## What this task involves
Every line of the listing should be retyped exactly, but none of the pictures should be.

>>

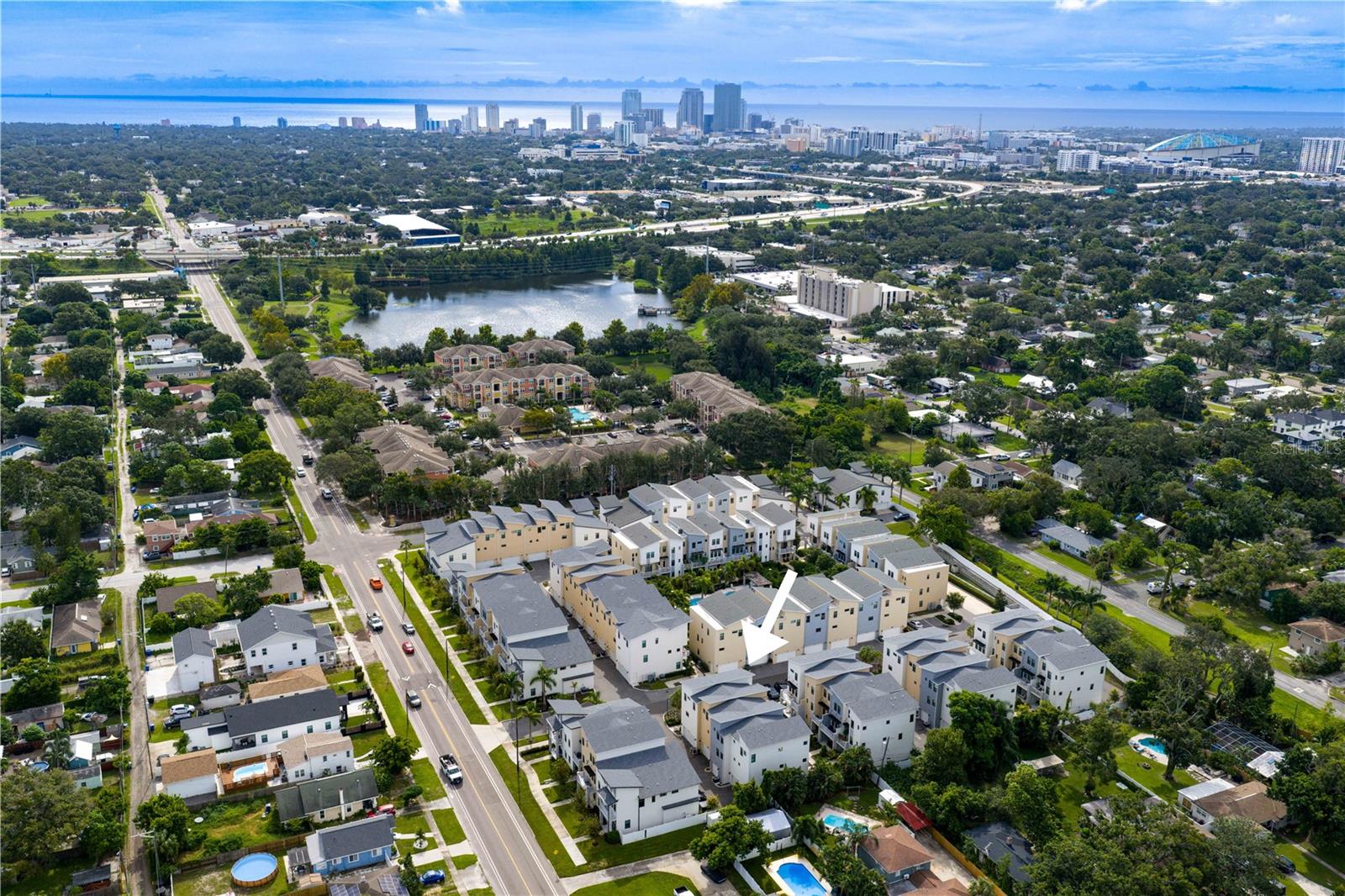 Image 31 of 38 For 2560 12th Terrace N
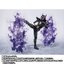 PRE-ORDER : S.H.Figuarts Kamen Rider RABBIT TANK HAZARD FORM HEISEI GENERATIONS EDITION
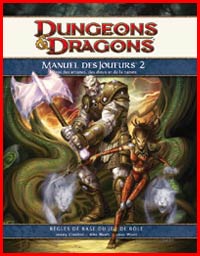 Couverture 347 manquante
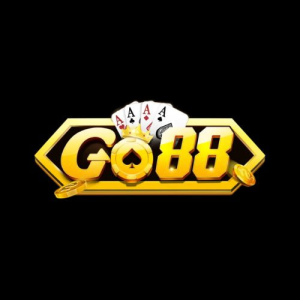 Avatar of go88clife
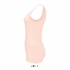 JANE - WOMEN'S TANK TOP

<<

## The completed task
 Image 31 of 38 For 2560 12th Terrace N
 PRE-ORDER : S.H.Figuarts Kamen Rider RABBIT TANK HAZARD FORM HEISEI GENERATIONS EDITION
 Couverture 347 manquante
 Avatar of go88clife
 JANE - WOMEN'S TANK TOP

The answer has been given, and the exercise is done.